Reception exhibits LMC talents

Employee art show wows attendees


Cathie Lawrence • Experience

Professor Lucy Snow (rear) and student Jessica Walters admire Kathryn Nielsen’s basket weaving.

It was an evening of wonder and amazement as a crowd of enthusiasts gathered inside the LMC Art Gallery Thursday, Sept. 4 for a reception commemorating the annual Faculty and Staff Exhibition currently on display.

The exhibit, which features works by a variety of employees that work inside and out of the college art programs, left viewers with a new outlook towards some of the artists here on campus.

“That is so awesome,” said student Raquel Rynders as she commented on Eloine Chapman’s “Study In Silver”, one of many pieces she entered for this years exhibit.

“I had no clue they were this talented,” said Jamila Brown, an art major with a focus on ceramics.

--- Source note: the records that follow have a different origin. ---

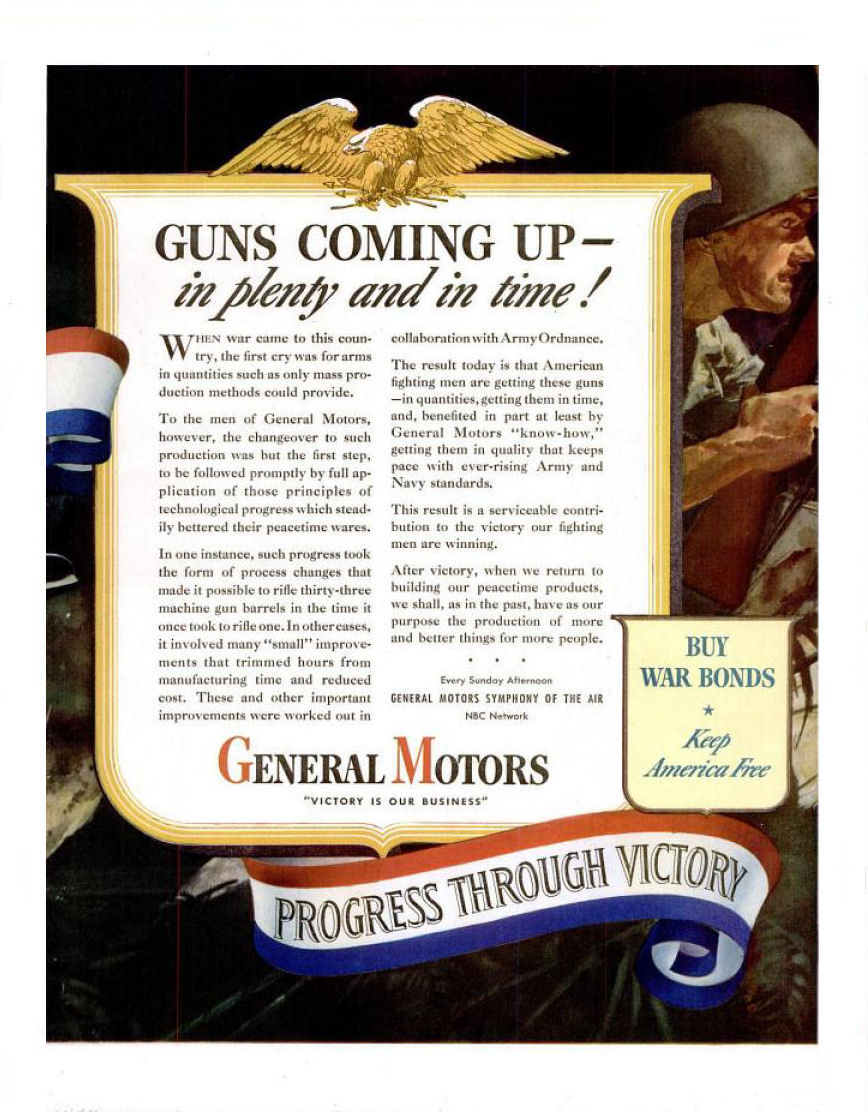 1943 GM Ad-12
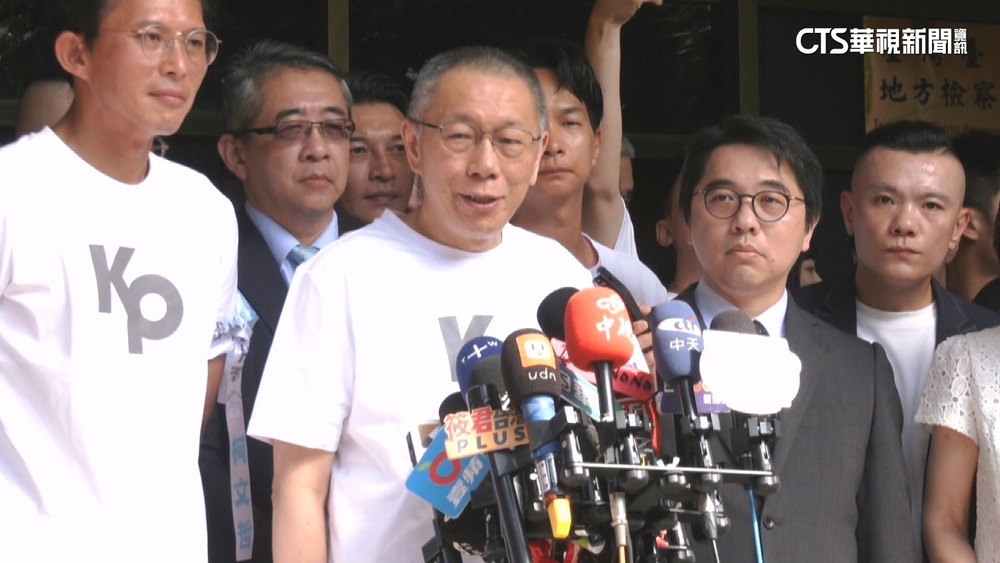 柯文哲交保裁定遭撤銷！　北院下週一重開羈押庭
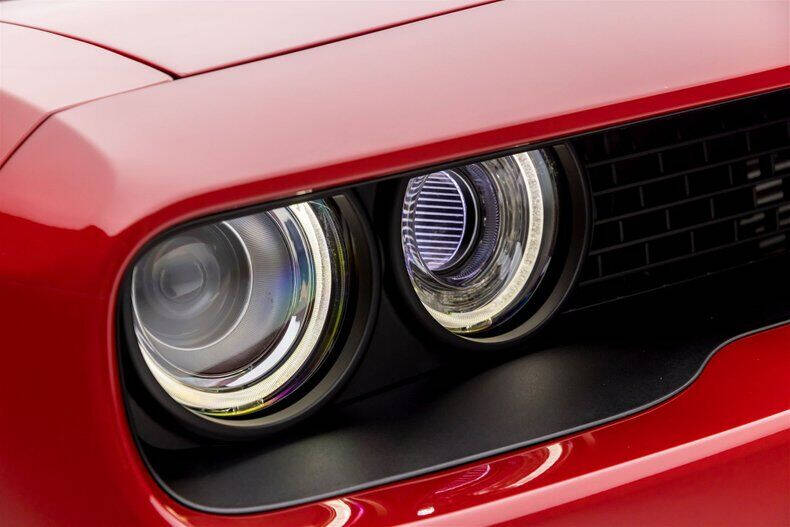 2018 Dodge Challenger SRT Demon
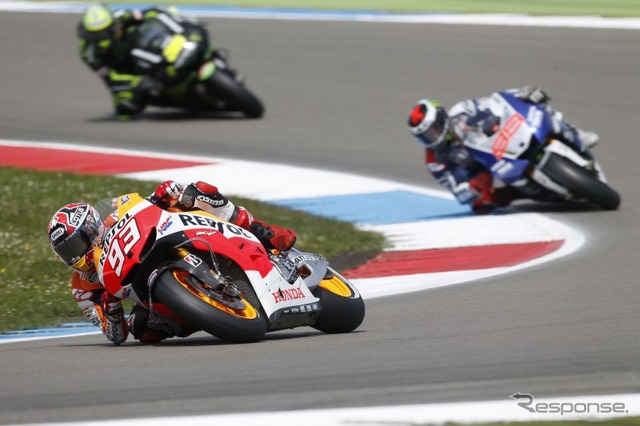MotoGP マルク・マルケス選手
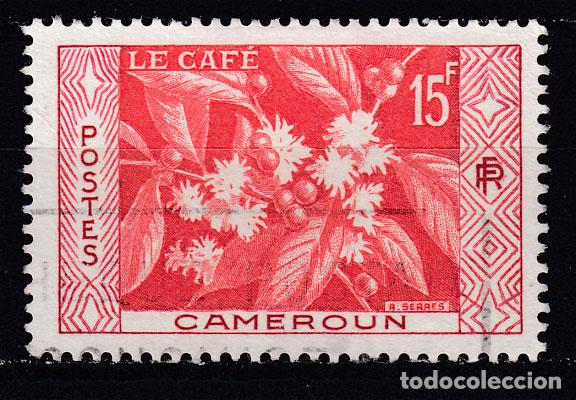 Timbres: Camerun - Correo Yvert 304 usado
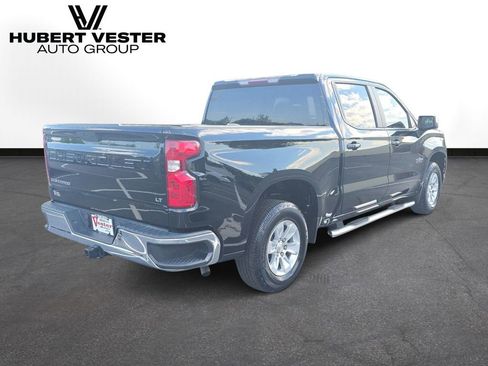 Used 2020 Chevrolet Silverado 1500 LT w/ Texas Edition RWD image 6
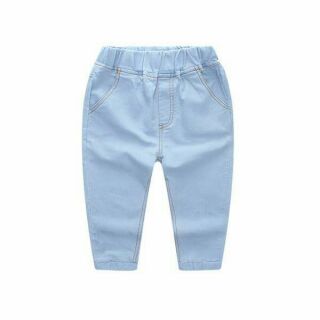 Quần bò mềm cho bé QC6
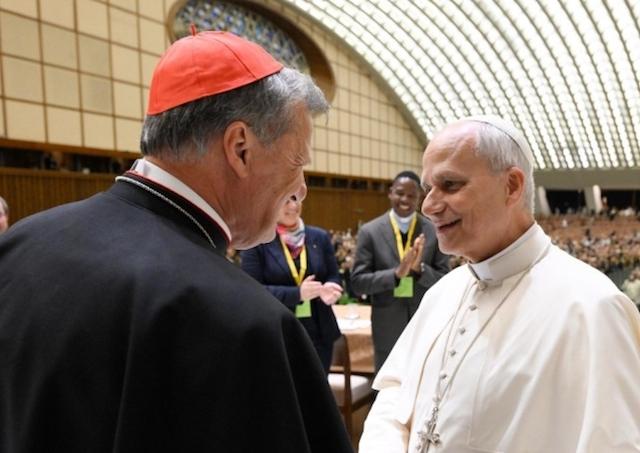 Rm, synoda, Grech, Lev XIV.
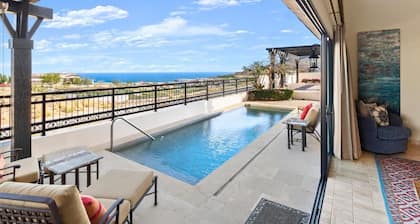 Ocean View 3 Bdrm Luxury Villa - Copala at Quivira Golf Club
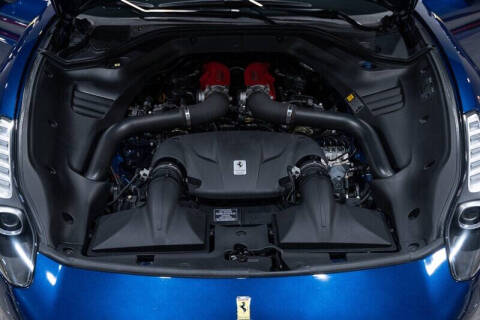 2016 Ferrari California T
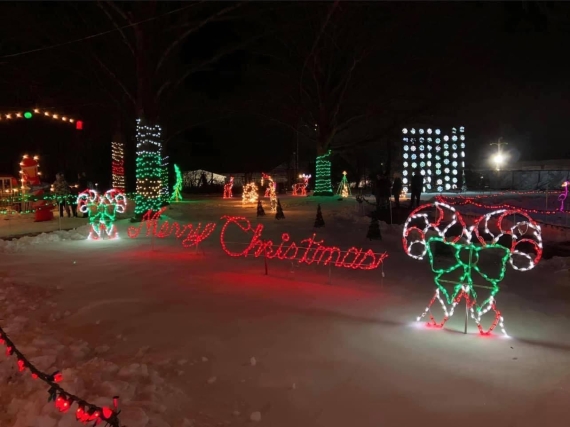 25 Nights of Lights: The best-dressed Christmas homes around Cincinnati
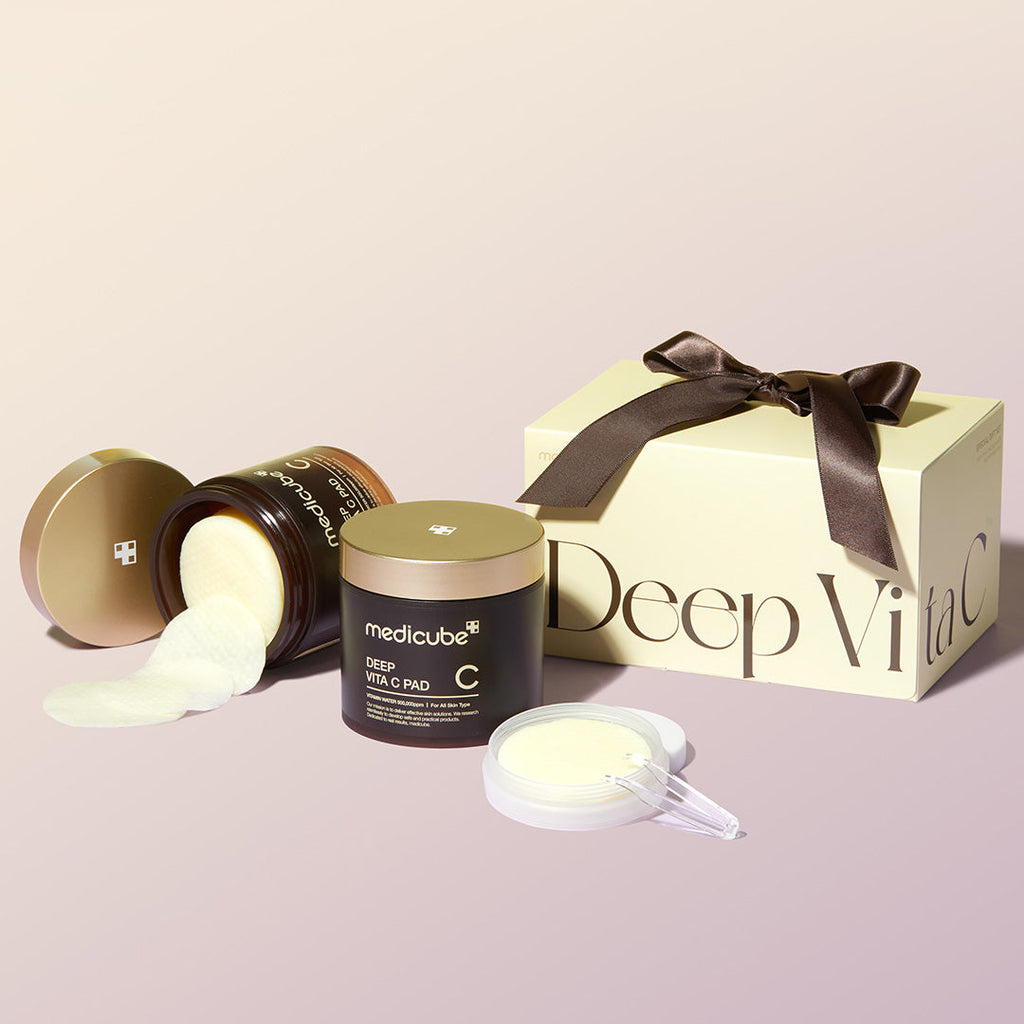 Set speciale dischetti Deep Vita C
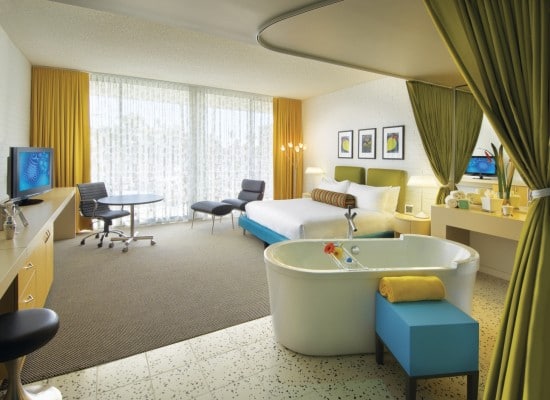 Studio Guest Room at Hotel Valley Ho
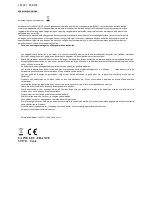 Preview for 6 page of CAPTELEC L 8103 Quick Start Manual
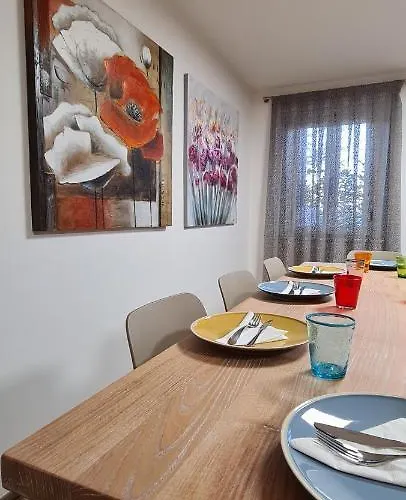 Vakantiehuis Casa Rivetta *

Organized by gallery director Judi Pettite and her students, the reception was open for all those who had an interest in the arts and gave them a chance to meet and speak with the artists whose pieces were featured.

A small group listened as artist Kathryn Nielsen described the process she uses to weave pine needles into intricate designs made to create her elaborate baskets.

“I work a couple hours a day, a week,” said Nielsen to an attendee. “You just keep adding pine needles as you go.”

Eloine Chapman, whose print “When The Devil Burns” received much attention, described the moment she captured the image of the enormous wildfire on Mount Diablo last year, an event that for her, struck so close to home.

“I heard the crackling as I was taking the picture,” said Chapman, remembering the setting as she waited for just the right combination of elements. “Seeing the reflection of the fire in the water,” Chapman added describing the moment she decided to snap the camera lens. “That’s the image, I can go now.”

While some of the pieces on display did indeed capture the essence of everyday life, others offered an imaginative look into the minds of their creators.

“We’re all on a search,” said artist Ken Alexander, reflecting on his piece “Dreams Are Myth,” a fantasy related painting that differs from some of his other works. “Sometimes we are looking for something, and it’s right there.”

As the crowd moved through the gallery looking at the various pieces, they enjoyed the many snacks and refreshments Pettite and her students provided. Chips, cookies and fresh fruit and vegetables were among the available treats. Fresh lemonade was constantly replenished by Assistant Curator and arts major Ty Gocuan, one of many tasks director Pettite assigns to her students as part of the “vocational” aspect of her curriculum.

Throughout the evening, many of the artists offered their own opinions towards some of the works their colleagues produced.

“I really like Judi’s paintings,” said Lucy Snow as she pointed to one of the gallery director’s untitled paintings. “I like where my mind goes when I look at them.”

While all the artists received their fair share of praise from their peers, one whose absence from the reception was felt by many and indeed captured the attention of employees and students alike.

“I love Gil’s work,” said Pettite, describing the various wood carved pieces entered by artist Gil Amaral. “I’m found of Gil because he finds art anywhere. We’ll definitely miss him.”

Gil Amaral, who recently retired from LMC, is responsible for many of the landscape features seen on campus. He is also known by his fellow artists for his ability to find raw pieces of wood on campus and carve into the physical forms from his imagination.

As the reception concluded, those who attended the event left with a better look into the artistic side of some of LMC’s faculty and staff, both those in the art department and those outside who just share the same passion for their art.

For those interested in viewing the works of art currently on display, regular gallery hours are Tuesday, Wednesday and Thursday from 12:30 to 2:30 p.m. and reopened later from 4 to 6 p.m.

The Faculty and Staff exhibit will continue to run until Sept. 24 at which time it will be removed to make room for the next exhibit which will feature the works of Ann Holsberry and focus on the art of cyanotype prints.